FTSSmokeTest < LCG

LCG Web>FtsWlcg>FtsRelease15>FtsProcedures15>FTSSmokeTestAndActions>FTSSmokeTest (2007-04-10, SteveTraylen)

FTS Smoke-Test

The following describes the procedure for checking the FTS nodes. It should be followed mostly in sequence.

The code examples below are designed, as much as possible, to be cut and pasted into the terminal window. Please report any errors you see.

1) Ping the node.

Log into any lxplus batch node. Attempt to ping the "problematic" FTS server. If you cannot ping the host there is likely a hardware problem, a network problem or the machine is in the middle of being rebooted.

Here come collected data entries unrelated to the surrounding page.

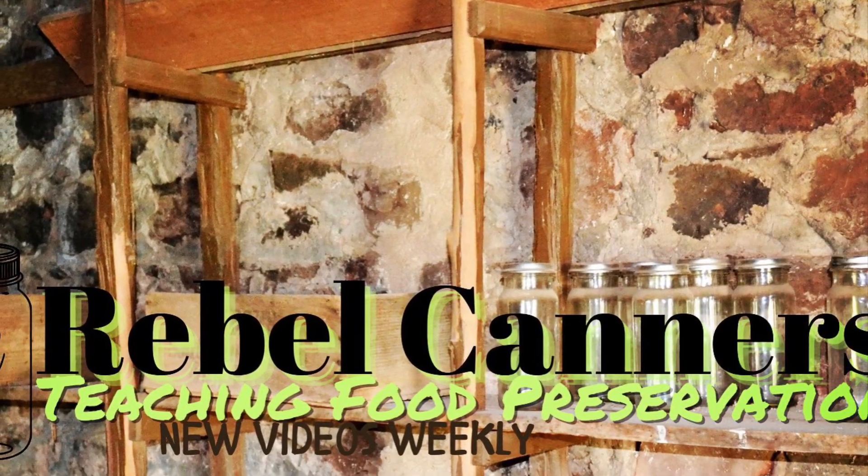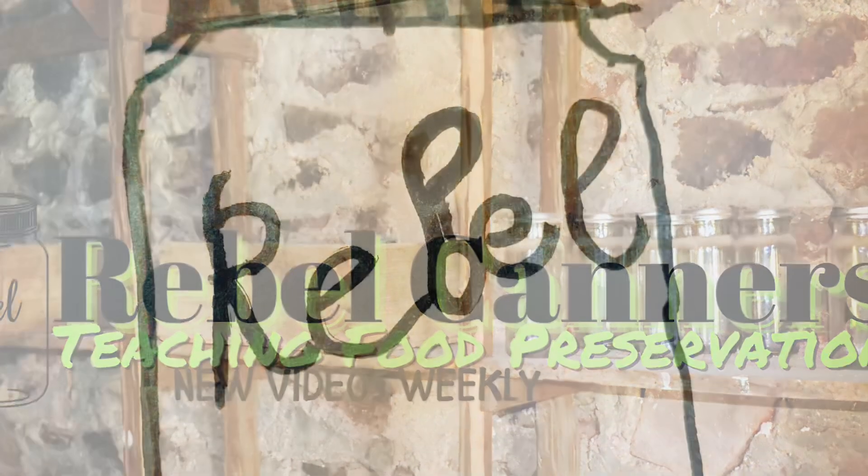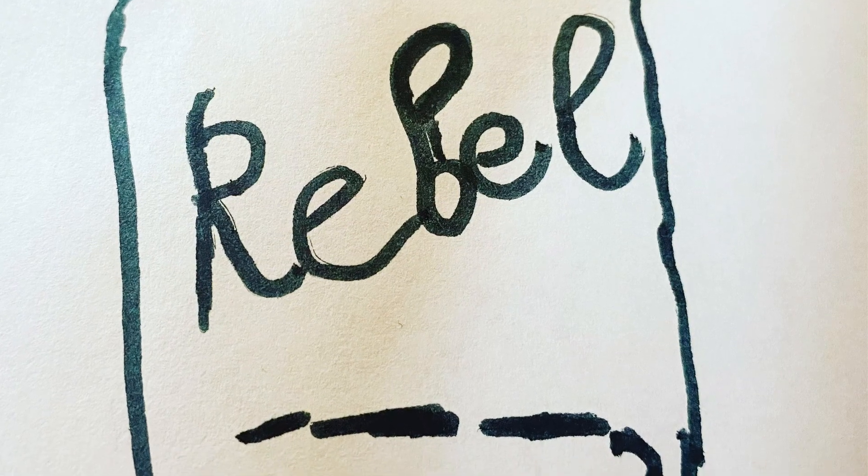Rebel canners, teaching all kinds of food preservation, especially the old ways. Welcome back, Rebel canners. I'm here with another can talk.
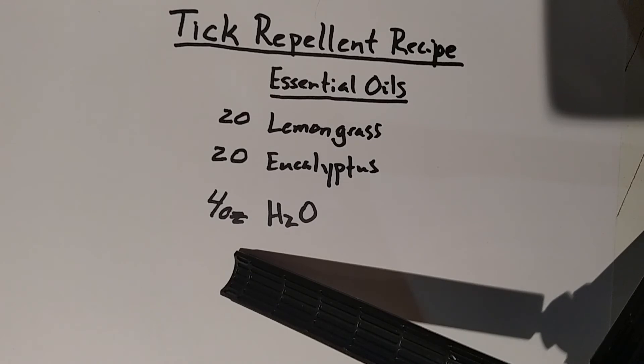Once you have 20 drops, 20 drops, and four ounces in the shaker bottle, cap it and shake it vigorously to mix it. Then spray it on your shoes, your socks, your ankles, and the ends of your pants.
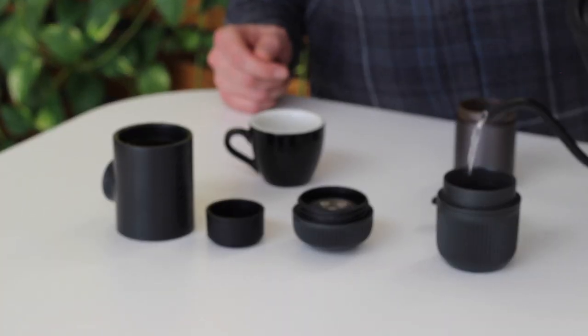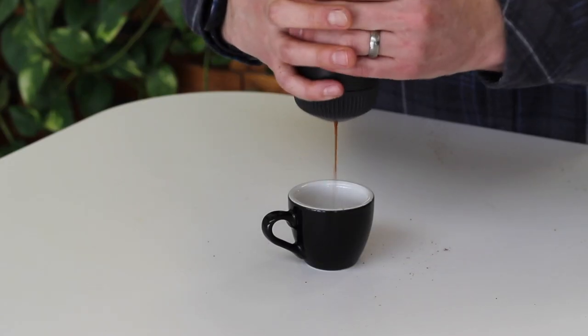I found that the Nanopresso was a little easier to use all around and the results were a little more consistent. If you're looking for something portable, this is a great option — I can totally see myself at a campground using this to pull a shot and probably surprising the neighboring campers by pulling out a full-on espresso maker in the middle of the woods. Maybe on a short trip you could even bring this into the backcountry as an option over instant coffee or a very sludgy French press.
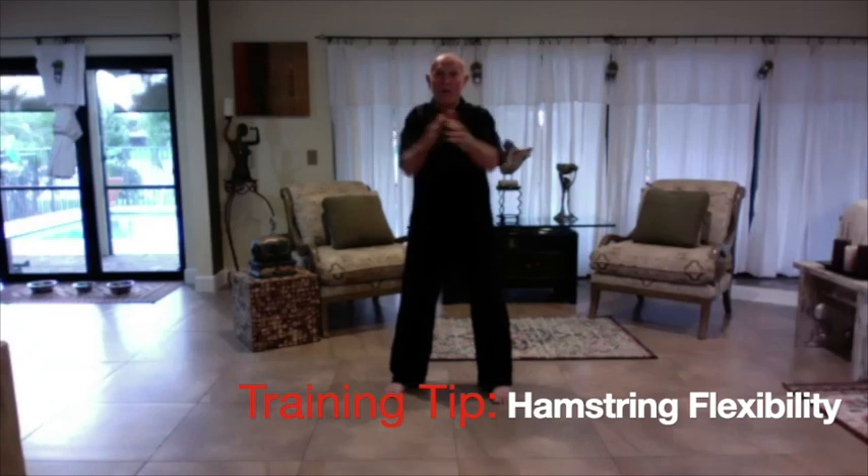Hi, everybody. Welcome to the official Bill's Football YouTube channel. This time, we're going to work some flexibility.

To cover the last case, wait a few minutes and try again. Call the operator if the problem persists.

2) Connect to the node.

2) ssh into the FTS node as root (make sure you have run klog.krb to obtain your kerberos AFS token). If you cannot ssh into the node, contact the operator.

3) Check whether the agent daemon is running.

Run the command:

ps aux | grep glite

You should see a single daemon called glite-transfer-fts-something running as user sc3.

Possible problem: There is more than one glite-transfer-fts-something process:

There should not be more than one. kill -9 all the daemon processes identified using ps aux. Then run the FtsMeanAndClean15 procedure for restarting the service from a clean config.

Possible problem: There are none, or there are none after a restart:

Attempt to restart the service using service gLite stop followed by service gLite start. If the daemon is still not there, look in the logfile /var/log/glite/glite-transfer-fts-something.log (it should be the latest logfile in that directory). The service should have dumped its configuration into the logfile upon startup. Look for any ERROR class messages. Typical startup failures can include configuration file parsing errors (if the config file has been corrupted or changed) or database connection errors (in which case the problem is likely on the database node).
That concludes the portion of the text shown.